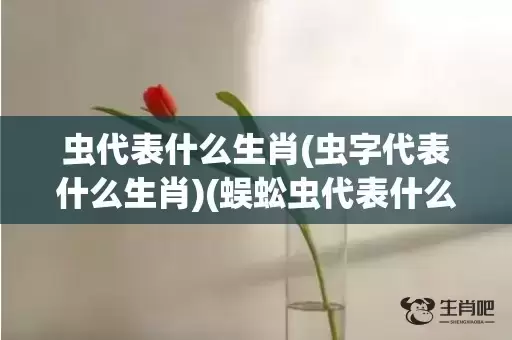 虫代表什么生肖(虫字代表什么生肖)(蜈蚣虫代表什么生肖) 虫代表什么生肖(虫字代表什么生肖)(蜈蚣虫代表什么生肖)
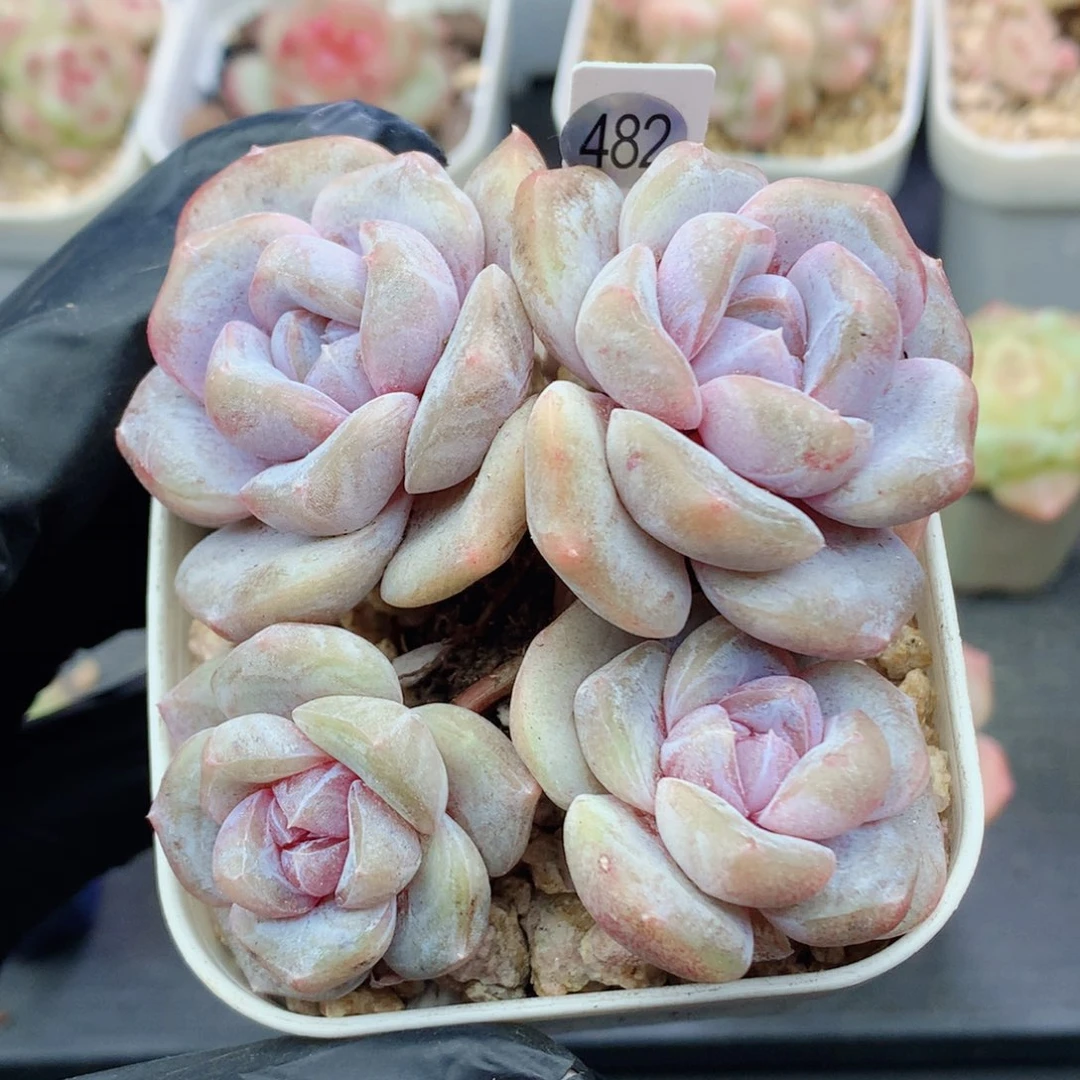 紫糖心58包邮  群生不包整482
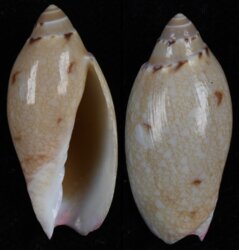 Amoria praetexta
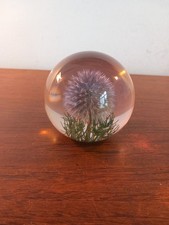 VINTAGE HIPPOCAMPUS EMBEDMENT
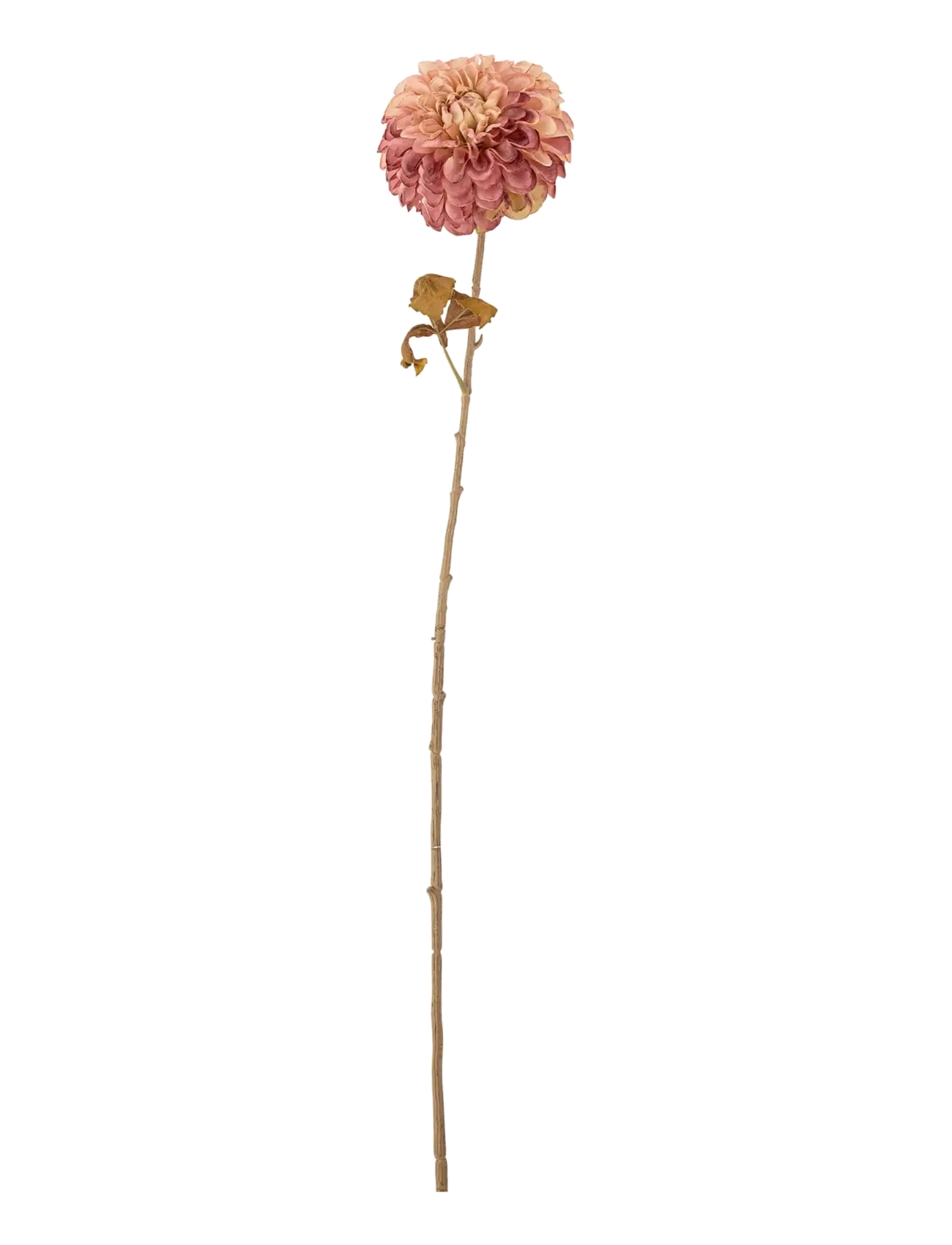BLOOMINGVILLE Chrysantemum Stem Pink - H73CM - Unisex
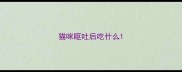 猫咪呕吐后吃什么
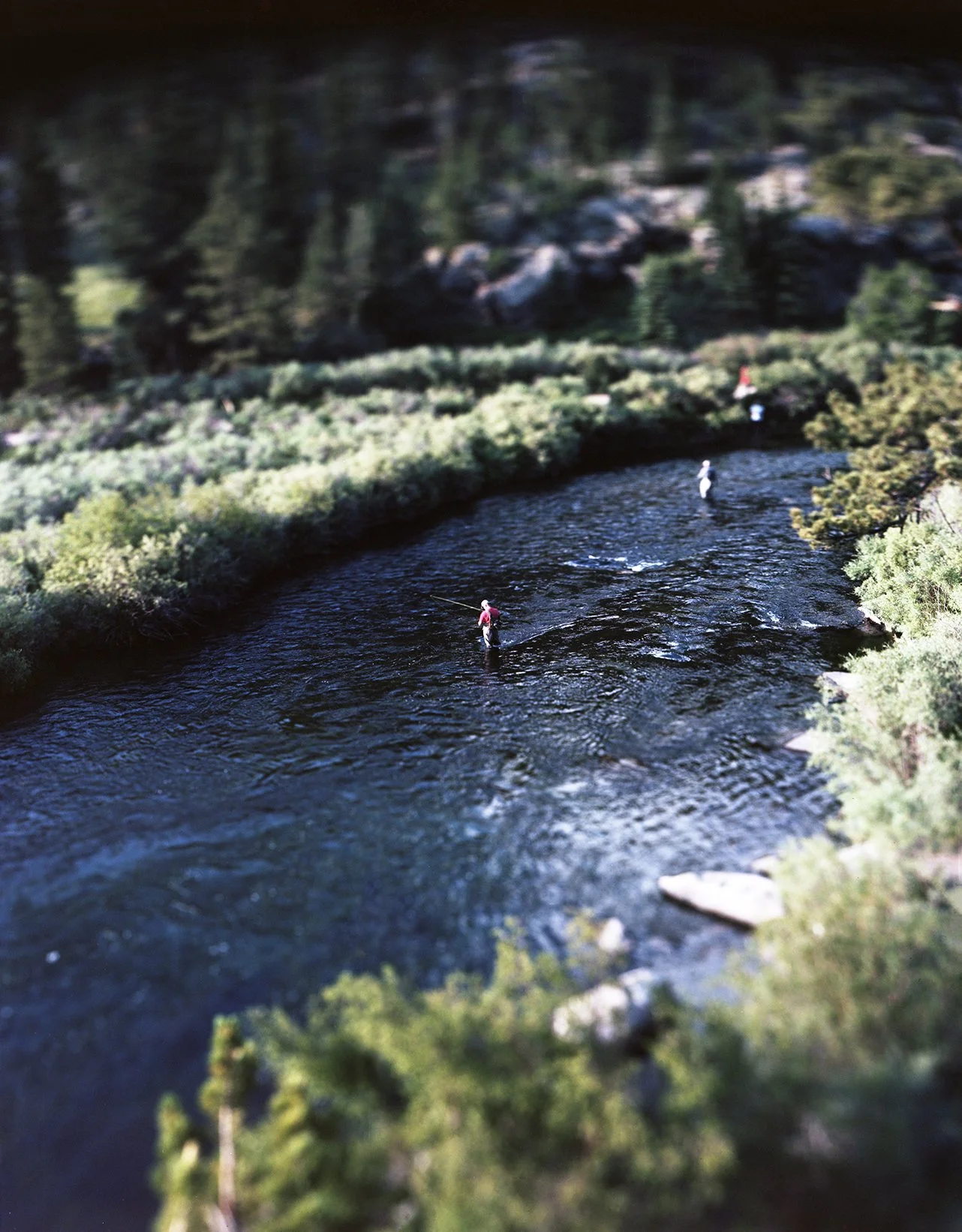 Elevenmile Canyon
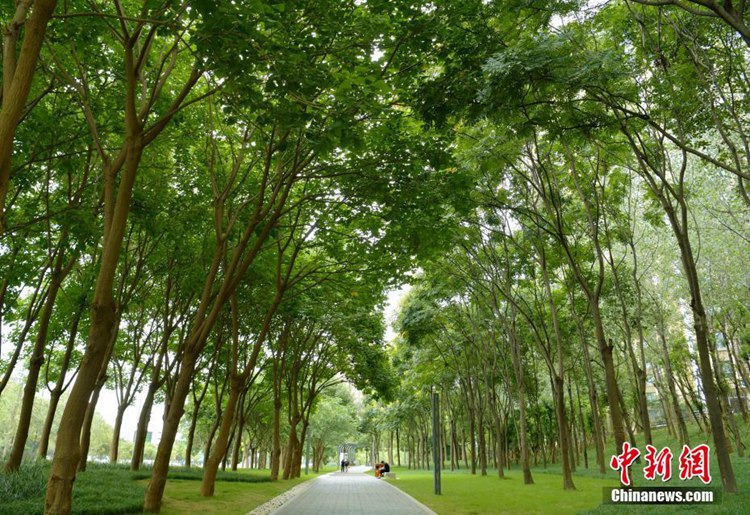 중국 청두 제3 순환도로에 설치된 ‘녹색 판다 거리’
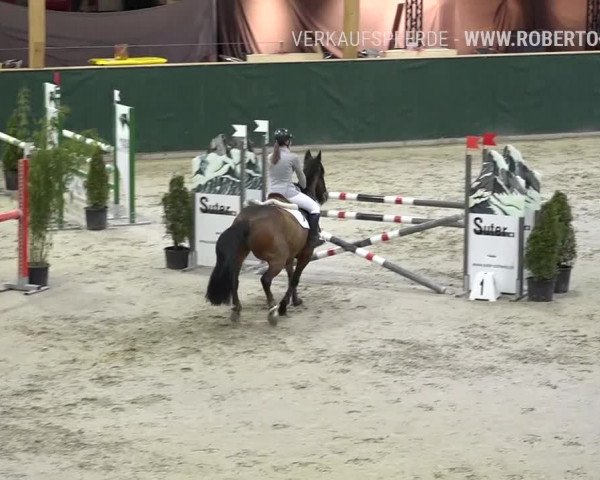Reitturnier Dielsdorf, Horsepark Masters 2019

PROBLEM DESCRIPTION:
Transcribe the whole listing exactly. Pictures stay out of your copy.

TASK RESPONSE:
 虫代表什么生肖(虫字代表什么生肖)(蜈蚣虫代表什么生肖) 虫代表什么生肖(虫字代表什么生肖)(蜈蚣虫代表什么生肖)
 紫糖心58包邮  群生不包整482
 Amoria praetexta
 VINTAGE HIPPOCAMPUS EMBEDMENT
BLOOMINGVILLE Chrysantemum Stem Pink - H73CM - Unisex
 猫咪呕吐后吃什么
 Elevenmile Canyon
 중국 청두 제3 순환도로에 설치된 ‘녹색 판다 거리’
Reitturnier Dielsdorf, Horsepark Masters 2019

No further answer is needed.